It was clear from the first speaker that a Hamilton virtual vigil to honor black lives lost to racism was meant to inspire positive action.

A collaboration of the Dean of Students Office organized the Vigil for Hope on June 2 to address the ongoing pattern of systemic racism and violence, most recently the death of George Floyd, an unarmed black man who died May 25 in the custody of Minneapolis police. Several police officers, since fired, were charged in connection with Floyd’s death.

 Some 200 people took part in the Vigil for Hope via Zoom, leaving with a promise that organizers would email a “racial equity commitment card” that Hamilton community members could use to document their commitment and take personal responsibility for systemic change. As the vigil unfolded, participants shared words that described their feelings — responsible, privileged, angry — and Paola Lopéz Fincannon, director of the Days-Massolo Center created a word cloud to capture them. 

I hope that tonight we can find hope in the power of our community, that we can commit to individual action and collective effort to do our part, to ensure that all who arrive on this campus to learn, to teach and to live can do so with dignity and pride.

The vigil acknowledges the pain of seeing yet another black body tragically and needlessly taken at the hands of law enforcement, Vice President and Dean of Students Terry Martinez said to open the event. Every time we experience the pain and anger from the deaths, she went on, we vow to change as a society but somehow we never do.

“But there are things that we can do, that we must do, in order to have a just world,” Martinez said.

The College has created a plan that so far has included more than 20 training sessions, dialogues, and projects to support community members who feel isolated, targeted, and stressed by the weight they bear for simply being who they are, Martinez said. But making change takes effort by more than the few who “don’t have the privilege of turning a blind eye.” 

“We must all speak out. We must all commit to examining our individual behavior and committing anew to questioning the role we each play in creating a hostile or unwelcoming environment,” she said. “I hope that tonight we can find hope in the power of our community, that we can commit to individual action and collective effort to do our part, to ensure that all who arrive on this campus to learn, to teach and to live can do so with dignity and pride.”
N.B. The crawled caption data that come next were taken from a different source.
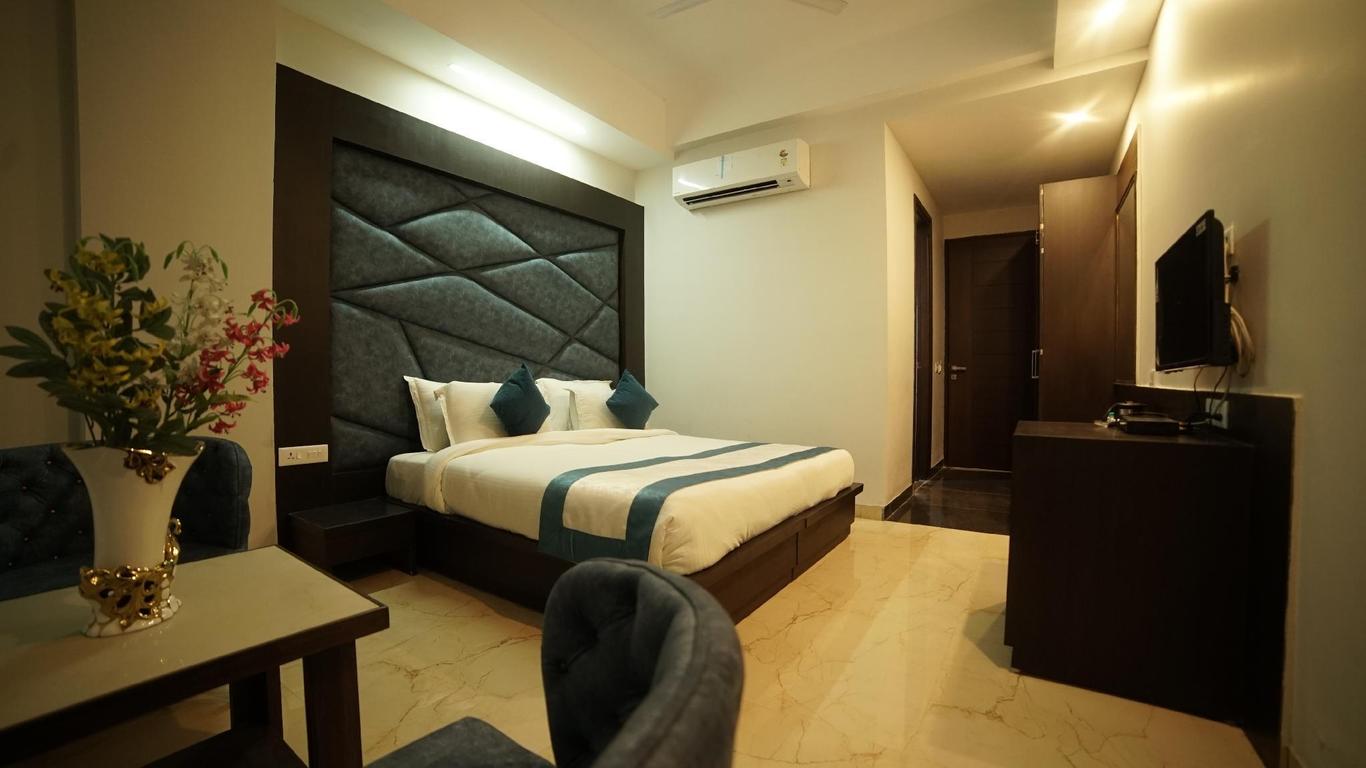 Hotel Crimson Palace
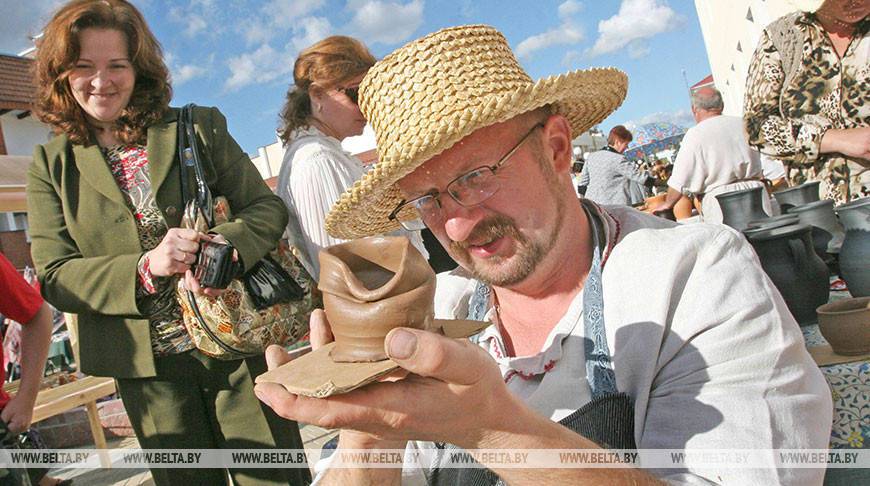 Кулинаров, шорников и кузнецов соберет фестиваль народных промыслов и ремесел в Краснополье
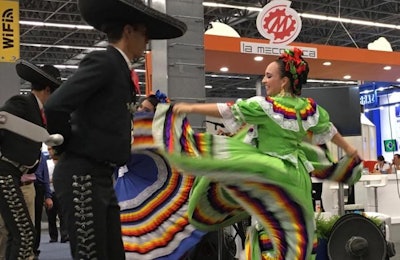 Latina America Congreso Balarines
As a critical race theorist, Todd Franklin, the Christian A. Johnson Excellence in Teaching Professor of Philosophy and Africana Studies, told the virtual audience that he tends to focus on certain words, and for the vigil he would focus on words rather than his personal pain. Racism was one of the words. Revolution was another.

The racism of vicious, vigilante, state-sponsored murder of black people, under the guise of serving justice, “has been thrust into our faces,” he said. And the many forms of resistance people use to stand up against that racism seem to prove futile.

“These are not ordinary days. Now we are in the midst of open rebellion. Not riots — you'll hear the rhetoric of riots. We are not in the midst of riots. We are not in the midst of simple, violent, civic unrest. Rather, we're in the midst of rebellious uprisings against oppression, specifically targeting the economic, political, and legal status quo,” Franklin explained.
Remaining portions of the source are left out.